With these additions, BRICS, which already governs 27% of the world population, seeks to further expand its economic gravitas, challenging the dominance of the West in that sector, and leveling out the global socioeconomic order.
Though the acceptance of these nations was agreed upon after only a few days in Johannesburg, the idea had allegedly been considered for over a year, according to South African president Cyril Ramaphosa.
While over 40 nations expressed a desire in becoming affiliated with the bloc, the admission of these specific nations represent specific aims the alliance has in neutralizing Western global power. For instance, the expansion to Iran, the UAE, and Saudi Arabia represents a concerted effort by BRICS to expand influence to Western Asia, bolstering the bloc’s
multipolarism, while incorporating nations with some of the most profitable natural oil reserves in the world.
Despite the expansion strengthening a level of economic pull, tensions between member nations are potentially exacerbated by it, too. India, for example, finds itself struggling to equate a balance between economic influence and Western allyship, an issue already present given the membership of China and Russia, and further accelerated by the addition of nations like Iran.

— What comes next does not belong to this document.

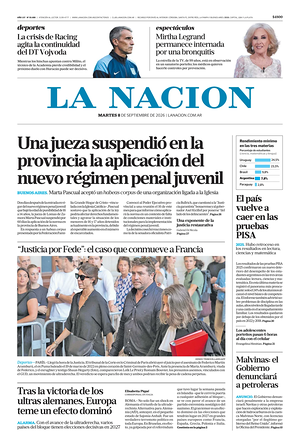 Prima pagina La Nacion di oggi - Quotidiano estero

The addition of Ethiopia demonstrates an acknowledgment by the international community of the second most populous African nation’s rapid economic development, as well as a reference for South Africa to exert its own global relevance.
In Argentina, BRICS establishes an even stronger foothold on the Americas by adding another 46 million people to its governance, while strengthening commercial ties to one of the absolute powerhouses of the group, Brazil.
Lastly, inviting Egypt to BRICS represents the alliance’s aim to “raise the voice of the Global South,” according to Egyptian president Abdel Fattah el-Sissi, and to take on a massive nation in North Africa who may be a ‘sleeping giant’ of sorts. If Egypt, which is currently plagued by a lack of diversified economy and immense sovereign debts, can be pulled out of this economic crises by their admission to BRICS, then perhaps, with their grand population of 109 million, they may be later able to provide a level of extra financial power to the group, which may prove especially valuable given Egypt’s ties to both Middle Eastern members like the UAE and Saudi Arabia, and more ‘foreign’ powers like fellow members Russia and India.
On the whole, BRICS aims to be a coalition of emerging economies whose multipolarism can attack the growing issues and circumstances of today from a wider range of perspectives than those of other groups like the G7.
The emerging relevance of BRICS seems inevitable, and this expansion of six may be the push needed for the international group to finally subvert the order of global politics.